• Your task: Should any entry seem unclear, still set it down exactly as given, along with all the others.

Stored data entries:

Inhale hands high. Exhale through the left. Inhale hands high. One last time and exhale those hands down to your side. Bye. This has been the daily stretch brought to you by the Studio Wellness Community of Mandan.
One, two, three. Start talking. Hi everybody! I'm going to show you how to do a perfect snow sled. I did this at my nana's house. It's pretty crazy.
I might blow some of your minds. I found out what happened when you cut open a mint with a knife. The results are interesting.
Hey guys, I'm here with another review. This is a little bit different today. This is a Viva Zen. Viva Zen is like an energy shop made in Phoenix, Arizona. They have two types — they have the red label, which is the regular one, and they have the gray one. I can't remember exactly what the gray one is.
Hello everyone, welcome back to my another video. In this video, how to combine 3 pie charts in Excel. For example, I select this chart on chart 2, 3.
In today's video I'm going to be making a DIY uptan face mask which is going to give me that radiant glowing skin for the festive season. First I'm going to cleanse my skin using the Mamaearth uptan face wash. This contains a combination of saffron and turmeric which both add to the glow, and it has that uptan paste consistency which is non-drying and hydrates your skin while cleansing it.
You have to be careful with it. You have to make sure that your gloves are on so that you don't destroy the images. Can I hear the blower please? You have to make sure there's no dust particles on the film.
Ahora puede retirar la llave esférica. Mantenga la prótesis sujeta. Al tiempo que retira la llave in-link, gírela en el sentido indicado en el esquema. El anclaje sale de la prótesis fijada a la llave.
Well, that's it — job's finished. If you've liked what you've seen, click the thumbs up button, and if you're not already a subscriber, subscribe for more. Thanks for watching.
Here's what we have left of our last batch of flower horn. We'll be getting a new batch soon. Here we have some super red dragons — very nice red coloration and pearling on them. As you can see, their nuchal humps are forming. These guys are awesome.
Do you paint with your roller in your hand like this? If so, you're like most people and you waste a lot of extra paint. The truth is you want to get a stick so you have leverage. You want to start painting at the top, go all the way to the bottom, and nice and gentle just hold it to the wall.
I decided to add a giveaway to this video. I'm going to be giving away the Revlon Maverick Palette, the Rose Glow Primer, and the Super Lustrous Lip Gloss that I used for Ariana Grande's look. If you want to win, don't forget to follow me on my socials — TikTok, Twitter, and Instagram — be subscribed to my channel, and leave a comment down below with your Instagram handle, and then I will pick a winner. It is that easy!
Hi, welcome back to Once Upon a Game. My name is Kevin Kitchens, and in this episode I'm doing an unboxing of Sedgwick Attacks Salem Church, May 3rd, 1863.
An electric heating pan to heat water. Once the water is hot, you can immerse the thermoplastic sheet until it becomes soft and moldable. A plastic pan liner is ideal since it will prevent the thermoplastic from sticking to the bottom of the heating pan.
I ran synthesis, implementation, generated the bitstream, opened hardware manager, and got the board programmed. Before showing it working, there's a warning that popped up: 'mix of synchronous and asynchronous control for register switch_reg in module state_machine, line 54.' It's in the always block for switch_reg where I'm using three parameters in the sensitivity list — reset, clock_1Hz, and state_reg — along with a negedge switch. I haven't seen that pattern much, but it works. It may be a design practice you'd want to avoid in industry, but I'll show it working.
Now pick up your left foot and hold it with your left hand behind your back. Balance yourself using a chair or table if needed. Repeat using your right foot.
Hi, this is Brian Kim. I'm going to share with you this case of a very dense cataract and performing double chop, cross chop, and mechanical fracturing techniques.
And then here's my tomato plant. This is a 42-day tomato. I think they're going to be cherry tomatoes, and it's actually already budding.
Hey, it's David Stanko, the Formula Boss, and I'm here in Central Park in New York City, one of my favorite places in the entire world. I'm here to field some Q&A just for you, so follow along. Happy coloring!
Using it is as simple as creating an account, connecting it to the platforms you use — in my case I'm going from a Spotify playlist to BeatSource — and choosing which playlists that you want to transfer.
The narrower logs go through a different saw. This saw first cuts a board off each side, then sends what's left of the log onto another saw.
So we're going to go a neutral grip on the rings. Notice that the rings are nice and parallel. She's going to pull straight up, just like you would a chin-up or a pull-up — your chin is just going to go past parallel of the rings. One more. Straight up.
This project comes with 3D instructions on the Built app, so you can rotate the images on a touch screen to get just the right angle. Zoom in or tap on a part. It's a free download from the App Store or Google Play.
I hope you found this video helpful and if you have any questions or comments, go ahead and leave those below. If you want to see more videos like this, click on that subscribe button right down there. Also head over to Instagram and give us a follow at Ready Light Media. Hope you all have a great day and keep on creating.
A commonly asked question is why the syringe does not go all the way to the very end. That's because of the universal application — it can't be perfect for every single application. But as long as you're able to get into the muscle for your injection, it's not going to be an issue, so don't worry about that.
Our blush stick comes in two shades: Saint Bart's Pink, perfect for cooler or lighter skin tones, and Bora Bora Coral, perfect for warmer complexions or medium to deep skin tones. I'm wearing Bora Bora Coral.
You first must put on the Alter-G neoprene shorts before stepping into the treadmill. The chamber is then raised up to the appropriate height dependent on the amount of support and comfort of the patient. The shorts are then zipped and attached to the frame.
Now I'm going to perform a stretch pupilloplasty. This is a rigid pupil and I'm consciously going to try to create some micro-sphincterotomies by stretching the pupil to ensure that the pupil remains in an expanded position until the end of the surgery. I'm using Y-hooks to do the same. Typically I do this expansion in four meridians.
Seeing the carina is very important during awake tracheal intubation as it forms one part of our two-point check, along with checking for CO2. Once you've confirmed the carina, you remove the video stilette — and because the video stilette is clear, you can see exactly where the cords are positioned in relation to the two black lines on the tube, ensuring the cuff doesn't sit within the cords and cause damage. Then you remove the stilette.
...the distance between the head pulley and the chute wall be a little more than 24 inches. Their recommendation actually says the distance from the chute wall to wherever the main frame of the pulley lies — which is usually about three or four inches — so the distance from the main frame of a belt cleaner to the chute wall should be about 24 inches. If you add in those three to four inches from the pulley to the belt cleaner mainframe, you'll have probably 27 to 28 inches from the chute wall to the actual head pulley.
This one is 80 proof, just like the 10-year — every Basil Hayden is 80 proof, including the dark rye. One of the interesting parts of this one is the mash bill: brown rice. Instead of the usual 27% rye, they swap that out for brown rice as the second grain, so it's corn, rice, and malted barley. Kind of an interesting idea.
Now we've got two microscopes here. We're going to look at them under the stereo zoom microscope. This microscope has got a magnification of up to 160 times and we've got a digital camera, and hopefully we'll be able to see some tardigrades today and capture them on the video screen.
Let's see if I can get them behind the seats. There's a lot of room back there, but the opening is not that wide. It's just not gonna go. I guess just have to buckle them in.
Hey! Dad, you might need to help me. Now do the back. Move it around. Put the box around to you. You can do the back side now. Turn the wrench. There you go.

• Output:
Inhale hands high. Exhale through the left. Inhale hands high. One last time and exhale those hands down to your side. Bye. This has been the daily stretch brought to you by the Studio Wellness Community of Mandan.
One, two, three. Start talking. Hi everybody! I'm going to show you how to do a perfect snow sled. I did this at my nana's house. It's pretty crazy.
I might blow some of your minds. I found out what happened when you cut open a mint with a knife. The results are interesting.
Hey guys, I'm here with another review. This is a little bit different today. This is a Viva Zen. Viva Zen is like an energy shop made in Phoenix, Arizona. They have two types — they have the red label, which is the regular one, and they have the gray one. I can't remember exactly what the gray one is.
Hello everyone, welcome back to my another video. In this video, how to combine 3 pie charts in Excel. For example, I select this chart on chart 2, 3.
In today's video I'm going to be making a DIY uptan face mask which is going to give me that radiant glowing skin for the festive season. First I'm going to cleanse my skin using the Mamaearth uptan face wash. This contains a combination of saffron and turmeric which both add to the glow, and it has that uptan paste consistency which is non-drying and hydrates your skin while cleansing it.
You have to be careful with it. You have to make sure that your gloves are on so that you don't destroy the images. Can I hear the blower please? You have to make sure there's no dust particles on the film.
Ahora puede retirar la llave esférica. Mantenga la prótesis sujeta. Al tiempo que retira la llave in-link, gírela en el sentido indicado en el esquema. El anclaje sale de la prótesis fijada a la llave.
Well, that's it — job's finished. If you've liked what you've seen, click the thumbs up button, and if you're not already a subscriber, subscribe for more. Thanks for watching.
Here's what we have left of our last batch of flower horn. We'll be getting a new batch soon. Here we have some super red dragons — very nice red coloration and pearling on them. As you can see, their nuchal humps are forming. These guys are awesome.
Do you paint with your roller in your hand like this? If so, you're like most people and you waste a lot of extra paint. The truth is you want to get a stick so you have leverage. You want to start painting at the top, go all the way to the bottom, and nice and gentle just hold it to the wall.
I decided to add a giveaway to this video. I'm going to be giving away the Revlon Maverick Palette, the Rose Glow Primer, and the Super Lustrous Lip Gloss that I used for Ariana Grande's look. If you want to win, don't forget to follow me on my socials — TikTok, Twitter, and Instagram — be subscribed to my channel, and leave a comment down below with your Instagram handle, and then I will pick a winner. It is that easy!
Hi, welcome back to Once Upon a Game. My name is Kevin Kitchens, and in this episode I'm doing an unboxing of Sedgwick Attacks Salem Church, May 3rd, 1863.
An electric heating pan to heat water. Once the water is hot, you can immerse the thermoplastic sheet until it becomes soft and moldable. A plastic pan liner is ideal since it will prevent the thermoplastic from sticking to the bottom of the heating pan.
I ran synthesis, implementation, generated the bitstream, opened hardware manager, and got the board programmed. Before showing it working, there's a warning that popped up: 'mix of synchronous and asynchronous control for register switch_reg in module state_machine, line 54.' It's in the always block for switch_reg where I'm using three parameters in the sensitivity list — reset, clock_1Hz, and state_reg — along with a negedge switch. I haven't seen that pattern much, but it works. It may be a design practice you'd want to avoid in industry, but I'll show it working.
Now pick up your left foot and hold it with your left hand behind your back. Balance yourself using a chair or table if needed. Repeat using your right foot.
Hi, this is Brian Kim. I'm going to share with you this case of a very dense cataract and performing double chop, cross chop, and mechanical fracturing techniques.
And then here's my tomato plant. This is a 42-day tomato. I think they're going to be cherry tomatoes, and it's actually already budding.
Hey, it's David Stanko, the Formula Boss, and I'm here in Central Park in New York City, one of my favorite places in the entire world. I'm here to field some Q&A just for you, so follow along. Happy coloring!
Using it is as simple as creating an account, connecting it to the platforms you use — in my case I'm going from a Spotify playlist to BeatSource — and choosing which playlists that you want to transfer.
The narrower logs go through a different saw. This saw first cuts a board off each side, then sends what's left of the log onto another saw.
So we're going to go a neutral grip on the rings. Notice that the rings are nice and parallel. She's going to pull straight up, just like you would a chin-up or a pull-up — your chin is just going to go past parallel of the rings. One more. Straight up.
This project comes with 3D instructions on the Built app, so you can rotate the images on a touch screen to get just the right angle. Zoom in or tap on a part. It's a free download from the App Store or Google Play.
I hope you found this video helpful and if you have any questions or comments, go ahead and leave those below. If you want to see more videos like this, click on that subscribe button right down there. Also head over to Instagram and give us a follow at Ready Light Media. Hope you all have a great day and keep on creating.
A commonly asked question is why the syringe does not go all the way to the very end. That's because of the universal application — it can't be perfect for every single application. But as long as you're able to get into the muscle for your injection, it's not going to be an issue, so don't worry about that.
Our blush stick comes in two shades: Saint Bart's Pink, perfect for cooler or lighter skin tones, and Bora Bora Coral, perfect for warmer complexions or medium to deep skin tones. I'm wearing Bora Bora Coral.
You first must put on the Alter-G neoprene shorts before stepping into the treadmill. The chamber is then raised up to the appropriate height dependent on the amount of support and comfort of the patient. The shorts are then zipped and attached to the frame.
Now I'm going to perform a stretch pupilloplasty. This is a rigid pupil and I'm consciously going to try to create some micro-sphincterotomies by stretching the pupil to ensure that the pupil remains in an expanded position until the end of the surgery. I'm using Y-hooks to do the same. Typically I do this expansion in four meridians.
Seeing the carina is very important during awake tracheal intubation as it forms one part of our two-point check, along with checking for CO2. Once you've confirmed the carina, you remove the video stilette — and because the video stilette is clear, you can see exactly where the cords are positioned in relation to the two black lines on the tube, ensuring the cuff doesn't sit within the cords and cause damage. Then you remove the stilette.
...the distance between the head pulley and the chute wall be a little more than 24 inches. Their recommendation actually says the distance from the chute wall to wherever the main frame of the pulley lies — which is usually about three or four inches — so the distance from the main frame of a belt cleaner to the chute wall should be about 24 inches. If you add in those three to four inches from the pulley to the belt cleaner mainframe, you'll have probably 27 to 28 inches from the chute wall to the actual head pulley.
This one is 80 proof, just like the 10-year — every Basil Hayden is 80 proof, including the dark rye. One of the interesting parts of this one is the mash bill: brown rice. Instead of the usual 27% rye, they swap that out for brown rice as the second grain, so it's corn, rice, and malted barley. Kind of an interesting idea.
Now we've got two microscopes here. We're going to look at them under the stereo zoom microscope. This microscope has got a magnification of up to 160 times and we've got a digital camera, and hopefully we'll be able to see some tardigrades today and capture them on the video screen.
Let's see if I can get them behind the seats. There's a lot of room back there, but the opening is not that wide. It's just not gonna go. I guess just have to buckle them in.
Hey! Dad, you might need to help me. Now do the back. Move it around. Put the box around to you. You can do the back side now. Turn the wrench. There you go.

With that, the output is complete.